● **Provided information**
[Start of section]
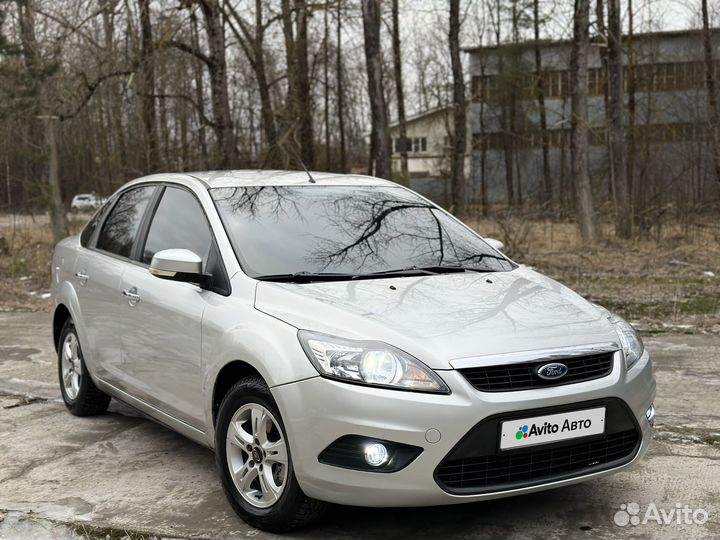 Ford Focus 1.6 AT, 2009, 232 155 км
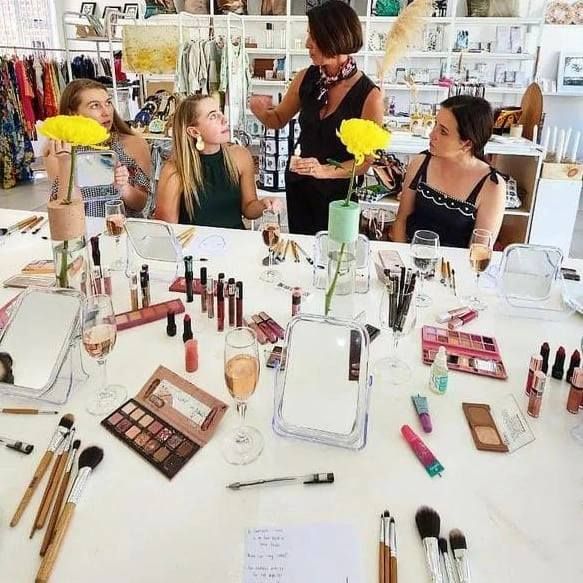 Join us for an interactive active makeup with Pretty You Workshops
[End of section]
[Start of section]
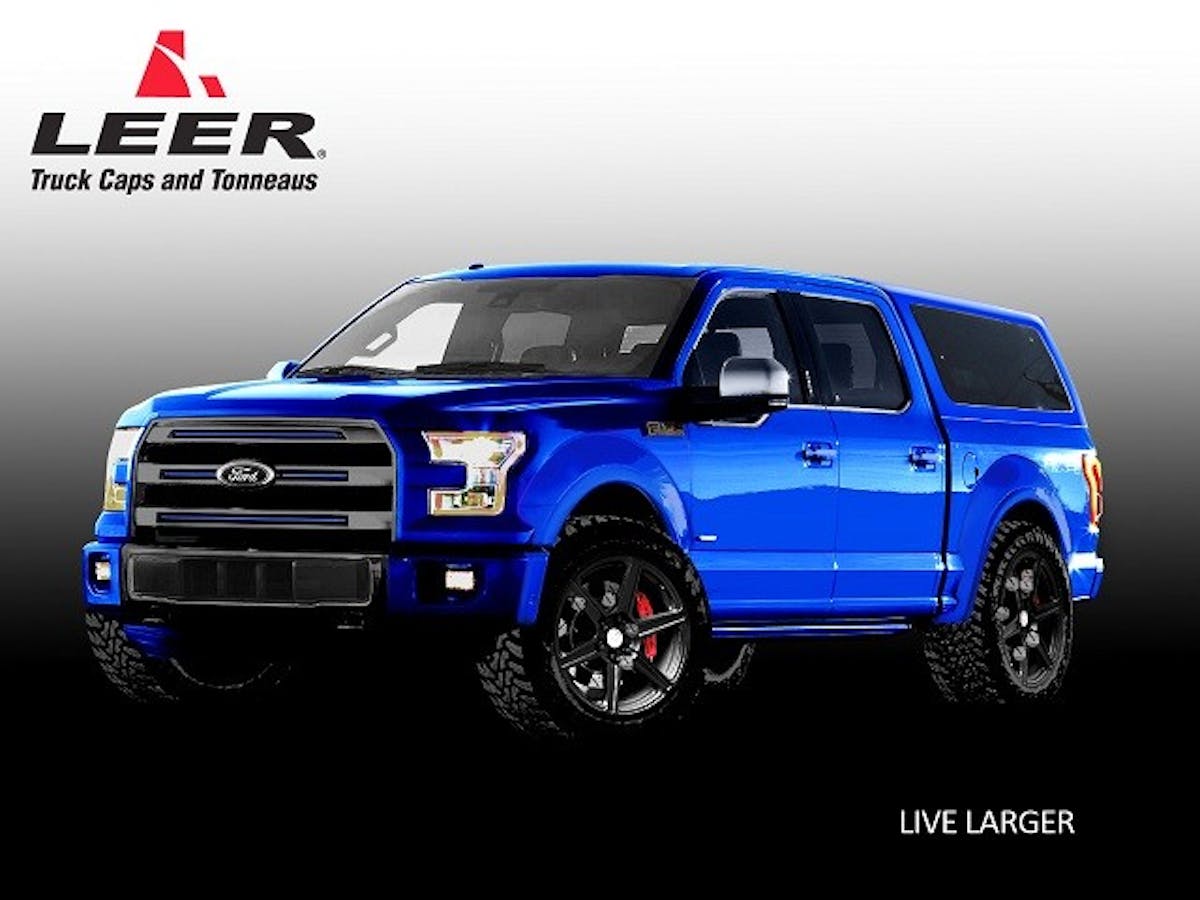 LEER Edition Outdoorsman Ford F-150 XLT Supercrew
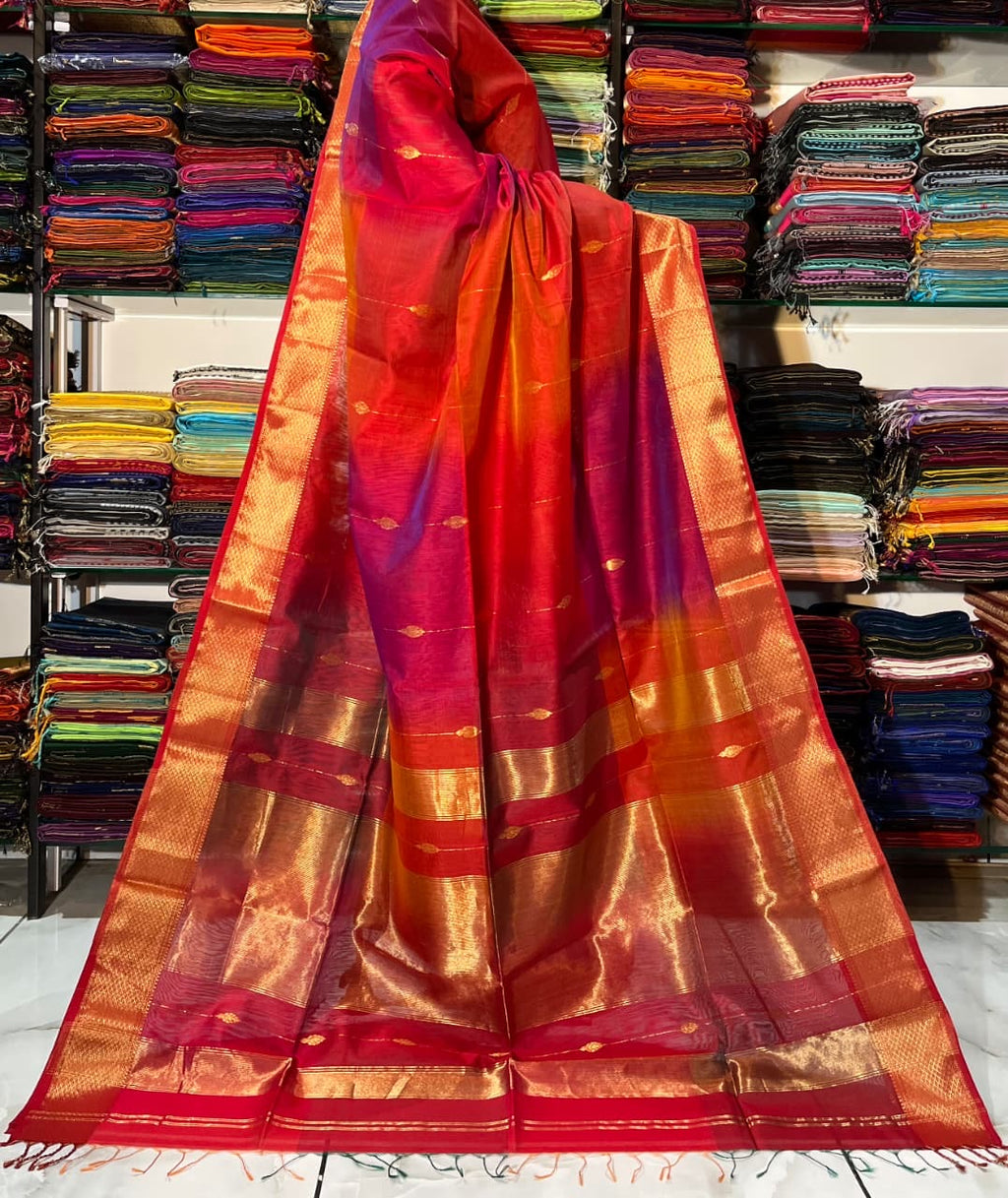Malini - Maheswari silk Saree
[End of section]
● **What is required**
Using the entries above, write out exactly the lines from the one with "Ford Focus 1.6 AT, 2009, 232 155 км" through the one with "Join us for", ends included. Leave out any pictures.

● **Response to the exercise**
 Ford Focus 1.6 AT, 2009, 232 155 км
 Join us for an interactive active makeup with Pretty You Workshops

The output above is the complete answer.